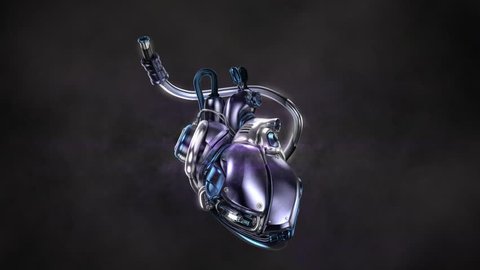 robotic heart high quality 3d animation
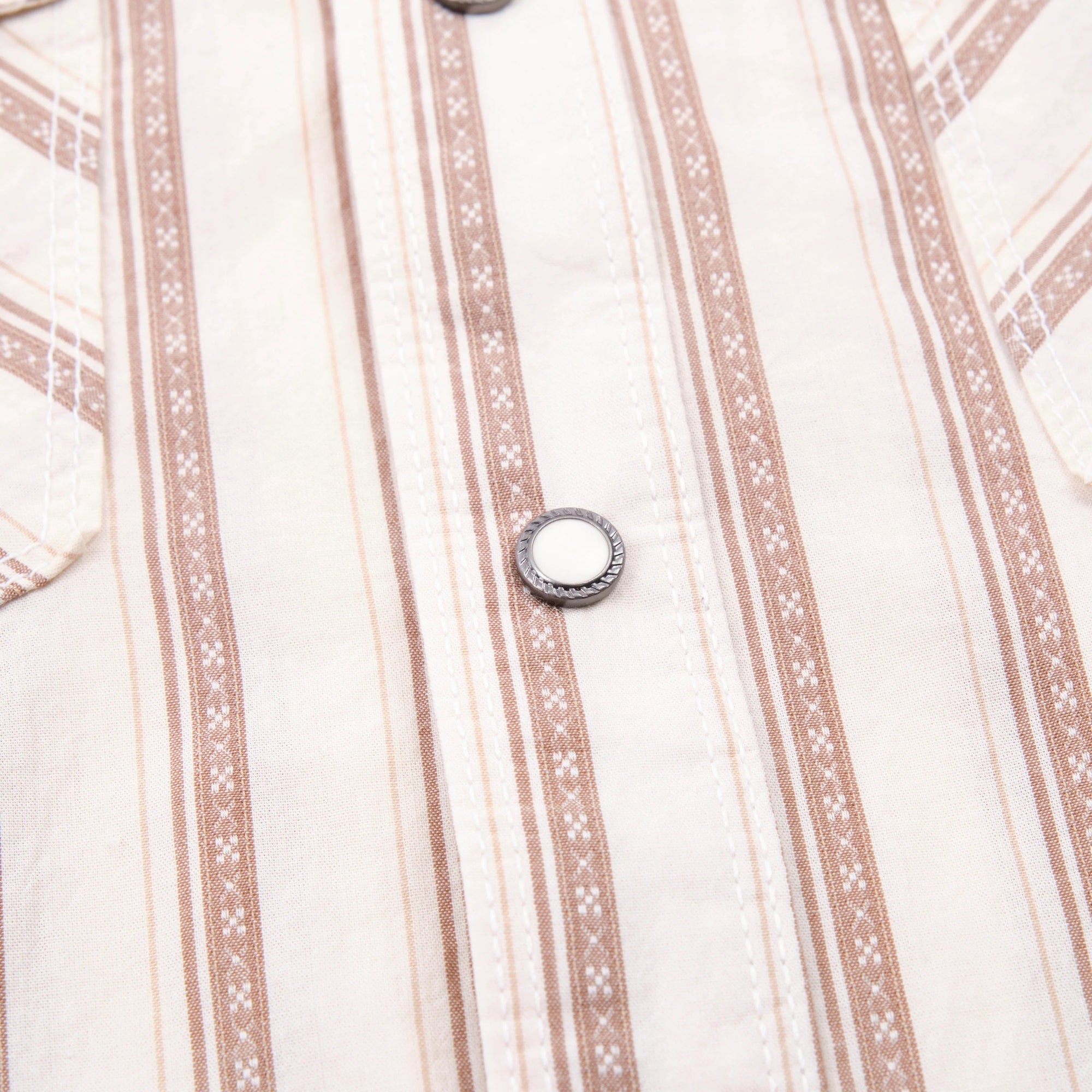 Freenote Cloth Calico S/S - Brown Stripe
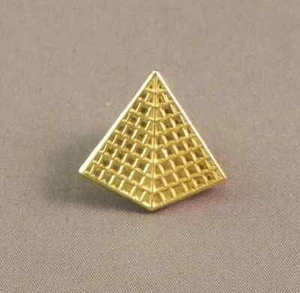 GOLD IN COLOUR PYRAMID ENAMEL PIN BADGE - NEW - Picture 1 of 1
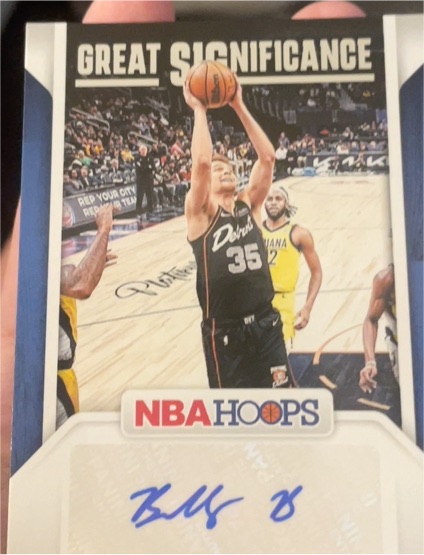 2024-25 Panini NBA Hoops #GS-BBP Buddy Boeheim Great Significance — front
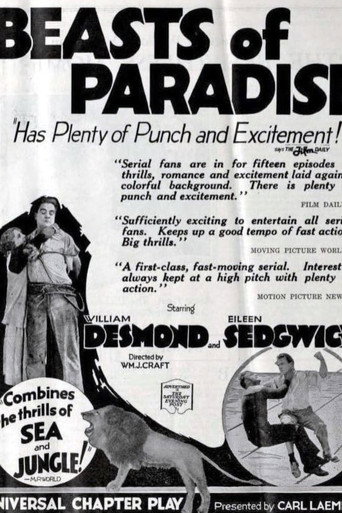 Movie poster for Beasts of Paradise (1923)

========

ACTIVITY - Because pictures are not wanted, give every entry above again exactly without them.

OUTPUT FOR THIS TASK -
 robotic heart high quality 3d animation
 Freenote Cloth Calico S/S - Brown Stripe
 GOLD IN COLOUR PYRAMID ENAMEL PIN BADGE - NEW - Picture 1 of 1
 2024-25 Panini NBA Hoops #GS-BBP Buddy Boeheim Great Significance — front
 Movie poster for Beasts of Paradise (1923)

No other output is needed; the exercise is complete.